- Exercise material
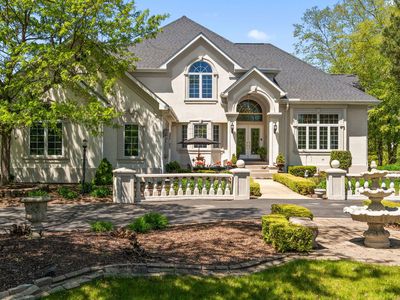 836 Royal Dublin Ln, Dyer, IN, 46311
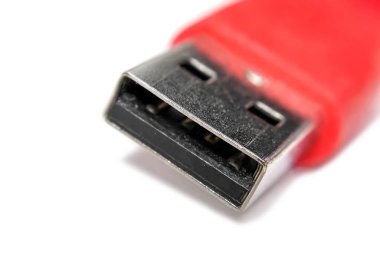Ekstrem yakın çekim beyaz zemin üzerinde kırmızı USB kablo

* * *

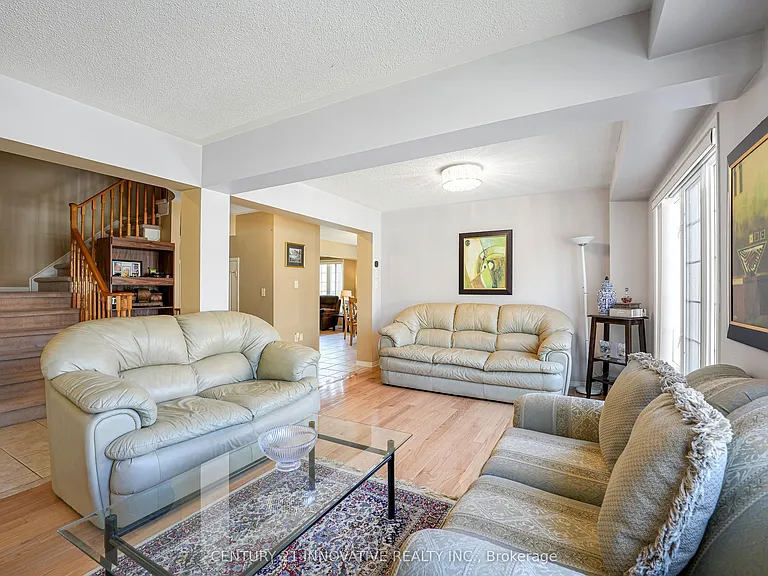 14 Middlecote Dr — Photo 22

* * *

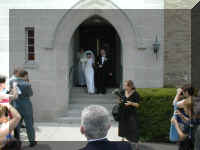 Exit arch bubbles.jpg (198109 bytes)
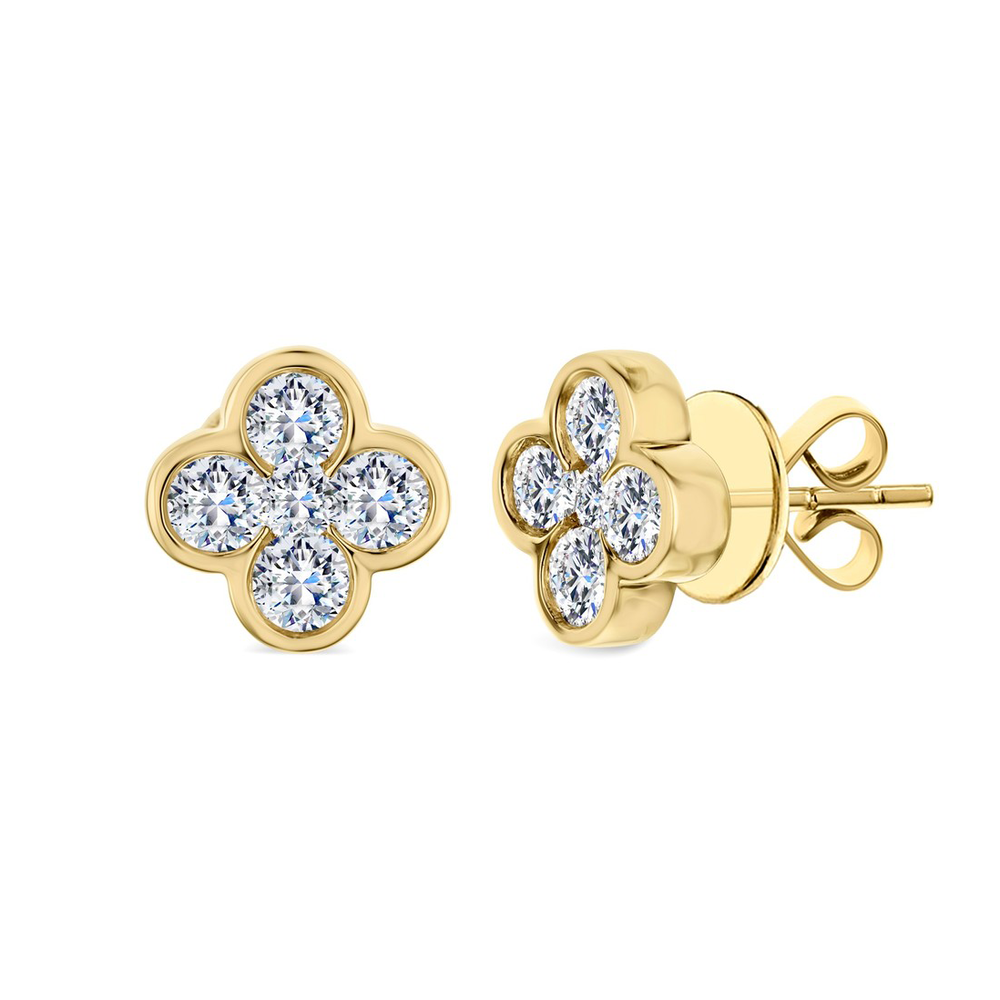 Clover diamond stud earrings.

- Task details
Write out exactly the run of lines above that starts at the line containing "836 Royal Dublin Ln, Dyer, IN, 46311" and ends at the line containing "Ekstrem yakın çekim". Include both, and leave the pictures out.

- Written answer
 836 Royal Dublin Ln, Dyer, IN, 46311
Ekstrem yakın çekim beyaz zemin üzerinde kırmızı USB kablo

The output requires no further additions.